Crypto market scams: tips for investors
An extreme demand for cryptocurrency could not leave swindlers and cybercriminals out in the cold, Forbes reports.
One more scandal has recently happened on the Japan-based Coincheck cryptocurrency exchange: hackers have stolen $534 million (¥58 billion) in NEM tokens. This attack is considered to be the largest one as of today.
The trading platform is going to upgrade its services and significantly improve the security level.
Regulators worldwide are worried about these circumstances. The US Securities and Exchange Commission (SEC) has decided to stop an ICO because of suspicions for the first time. The SEC suspects that co-founders Jared Rice Sr. and Stanley Ford have illegally raised investors’ funds.

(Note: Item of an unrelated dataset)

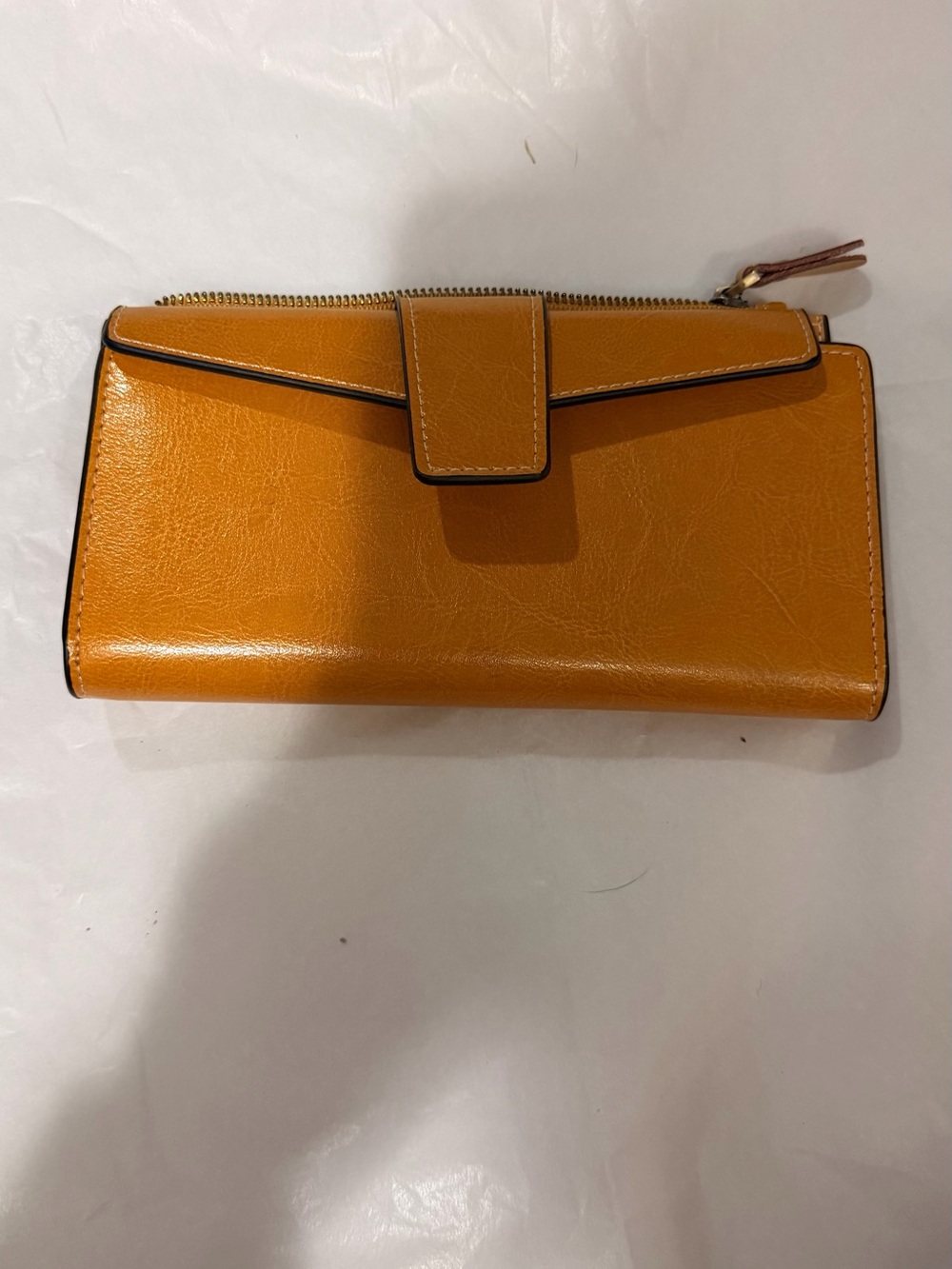 London Fog Mustard-Tone Zip Wallet with Snap Flap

Currently, none of the countries has regulated banks directly engaged in cryptocurrency transactions. The situation will be changed when one will find a way to conduct its policy on the non-regulated market. With cryptocurrencies being pegged to nothing, save for software, it is quite difficult to determine who sells them and why.
Besides, the irrational demand for bitcoin encourages an enormous growth of its price. According to Paul Krugman, a New York Times columnist and a Nobelist in economics, the bitcoin price depreciation by 40% within six weeks can be compared with an annual inflation amounting to 8000%. Therefore, bitcoin is not pegged to any asset; it is subject to manipulations.

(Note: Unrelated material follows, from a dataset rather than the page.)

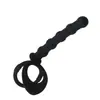 Bolas anais de silicone unissex, anel de furo duplo, anel peniano, brinquedo sexual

The SEC provides some tips for investors regarding companies launching ICOs:
- investors should examine information about the company they are going to invest in. Data on the project website can be false. They should be especially careful when purchasing securities;
- there are companies that do not have to report to the SEC. Investors should know about risks caused by trading of such stocks;
- when securities launch is registered, information about them is published on the official website: SEC.gov.